On Saturday, China’s new Wuhan-Guangzhou high-speed railway, dubbed the Harmony Express, began operations as the fastest train service in the world. Connecting 20 cities throughout central and south China, the electric train runs on a ballast-less track and averages speeds of 217 mph – squeezing the 683-mile journey into less than 3 hours (it typically takes 10) and trumping the pace of similar "bullet" trains in Germany (144 mph), Japan (150mph), and France (172 mph). With massive plans to expand its high-speed rail service to 42 lines by 2012 – with networks running between 70 percent of China's key cities by 2020 – the country is now leading the budding revolution in modern transportation from plane (back) to train.
A chairman of China Southern Airlines, the country’s largest domestic carrier, admitted upon the Harmony Express’s debut that high-speed train travel boasts significant advantages over air in terms of convenience, punctuality, and safety records. In light of the new train’s offerings and highly competitive rates with air routes (a second class ticket is $72) the airline revealed counter tactics to win over passenger’s wallets earlier this month, like slashing airfare to as low as $38 (260 yuan) between the same cities.
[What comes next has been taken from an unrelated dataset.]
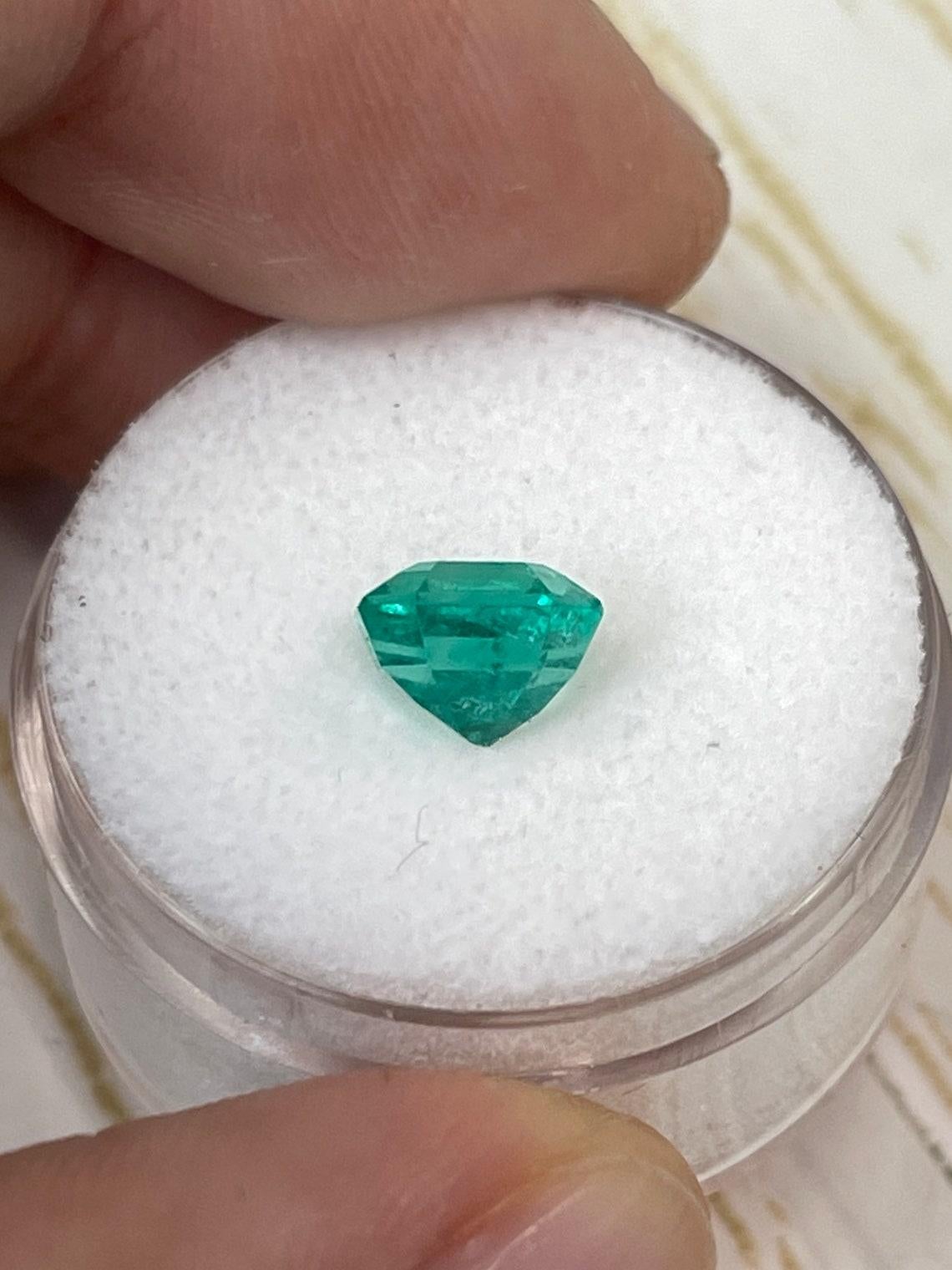 1.79ct Crystalline Green Asscher Cut Colombian Gem 7.5x7 Genuine May Birthstone (pierre de naissance de mai) Unisexe en vente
Despite Eurostar’s embarrassing fiasco in the U.K. last week (when ice stalled service in the Channel Tunnel for over three days, backlogging 75,000 passengers), train travel is quickly becoming a more efficient, emissions-friendly, and economical means of commercial transport between many major cities around the world. Next year, plans are set to be unveiled for a new 250 mph high-speed rail link between London and Scotland, and a California track network has been in the works in the U.S. for years. This past spring, President Obama announced plans to develop 600 miles of high-speed lines connecting major cities across the country – pledging $13 billion to jumpstart the project and finally put America’s outdated train service on the right track.